Tomato Chicken Penne Recipe
"I love how fast this creamy dish is to prepare," says Glencoe, Minnesota's Cynthia Ettel. "My whole family enjoys it. Substitute shrimp, sausage or even sliced pepperoni for the chicken."
- 2-1/2 cups uncooked penne pasta
- 1/2 cup chopped onion
- 1 tablespoon olive oil
- 2 tablespoons white wine or chicken broth
- 2 cups cubed cooked chicken
- 1 can (14-1/2 ounces) diced tomatoes with roasted garlic, undrained
- 1 can (8 ounces) tomato sauce
- 1/2 cup grated Parmesan cheese
- 1/2 cup heavy whipping cream
- 1 can (4-1/4 ounces) sliced ripe olives, drained
- 1 can (4 ounces) mushroom stems and pieces, drained
- 1. Cook pasta according to package directions.
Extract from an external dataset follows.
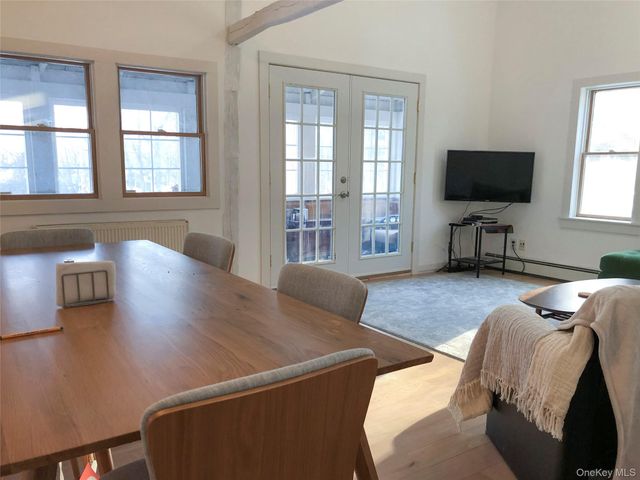 461 White Schoolhouse Road, Rhinebeck, NY 12572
Meanwhile, in a large skillet, saute onion in oil until tender. Stir in wine or broth; cook for 1 minute. Drain pasta and add to the skillet. Add the remaining ingredients. Cook and stir over medium heat until heated through and slightly thickened. Yield: 8 servings.
1 serving (1 cup) equals 287 calories, 14 g fat (6 g saturated fat), 55 mg cholesterol, 693 mg sodium, 24 g carbohydrate, 2 g fiber, 17 g protein.